> _How to complete this task_: Drop every picture and give the entries back exactly.

> _Data to use_:
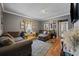 Comfortable living room with a sectional sofa, area rug, and natural light at 903 N Park St. Ext., Mullins, SC 29574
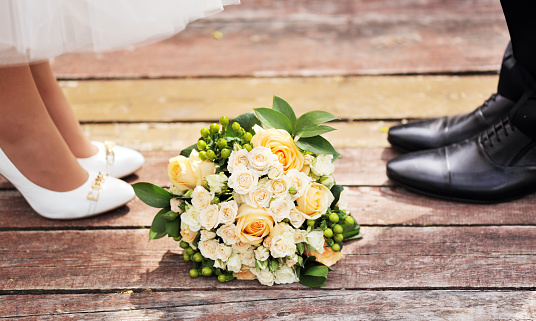 Wedding bouquet on a wooden background.Flowering branch with white delicate flowers on wooden surface. Declaration of love, spring. Wedding card, Valentines Day greeting. Wedding rings. Wedding bouquet, background. Empty wooden tabletop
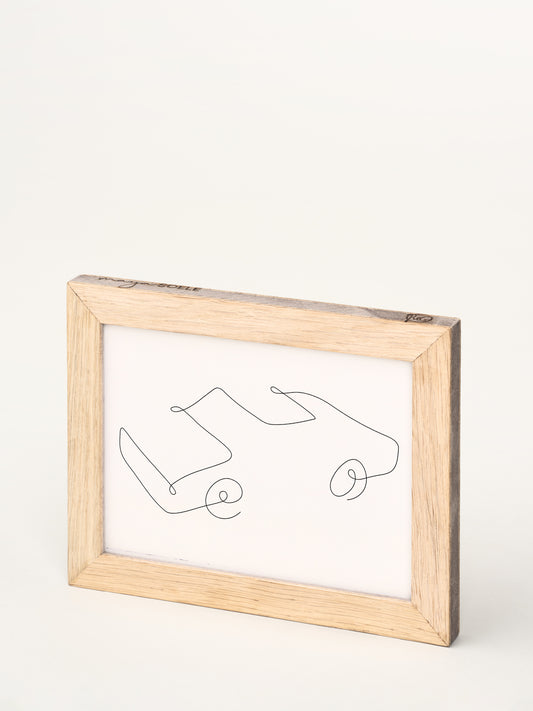 Lykønskningskortet i en elegant træramme, set fra en skrå vinkel, der fremhæver design og materialekvalitet.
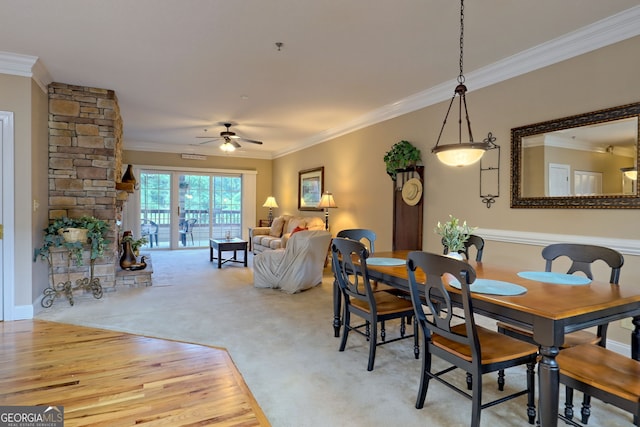 dining space with light carpet, crown molding, and ceiling fan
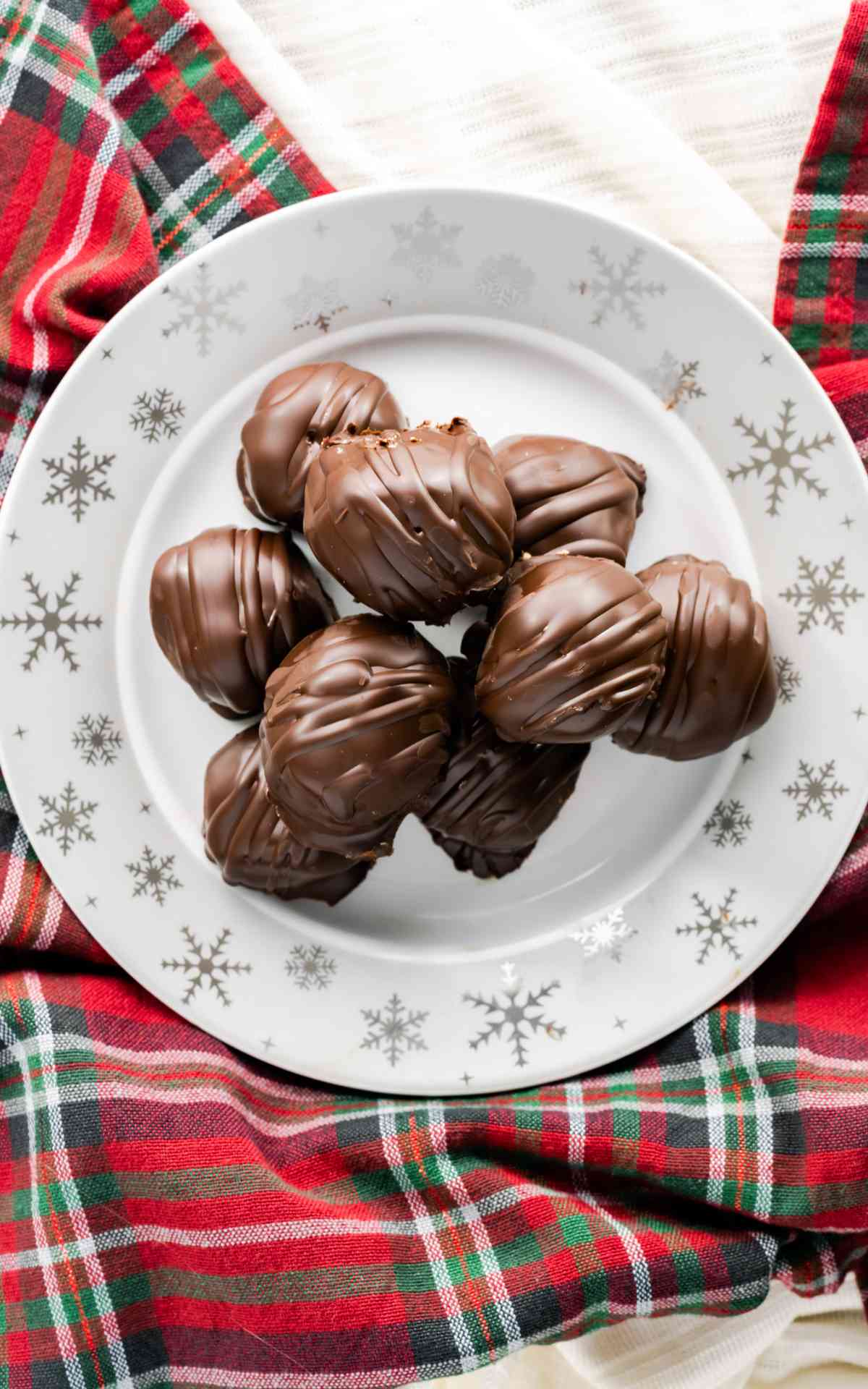 Peanut Butter Balls on a snowflake plate.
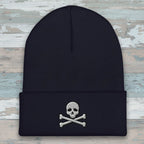 A dark navy blue ribbed knit beanie hat featuring an embroidered silver skull and crossbones on the front cuff, set against a plain white background.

> _Exercise solution_:
 Comfortable living room with a sectional sofa, area rug, and natural light at 903 N Park St. Ext., Mullins, SC 29574
 Wedding bouquet on a wooden background.Flowering branch with white delicate flowers on wooden surface. Declaration of love, spring. Wedding card, Valentines Day greeting. Wedding rings. Wedding bouquet, background. Empty wooden tabletop
 Lykønskningskortet i en elegant træramme, set fra en skrå vinkel, der fremhæver design og materialekvalitet.
 dining space with light carpet, crown molding, and ceiling fan
 Peanut Butter Balls on a snowflake plate.
 A dark navy blue ribbed knit beanie hat featuring an embroidered silver skull and crossbones on the front cuff, set against a plain white background.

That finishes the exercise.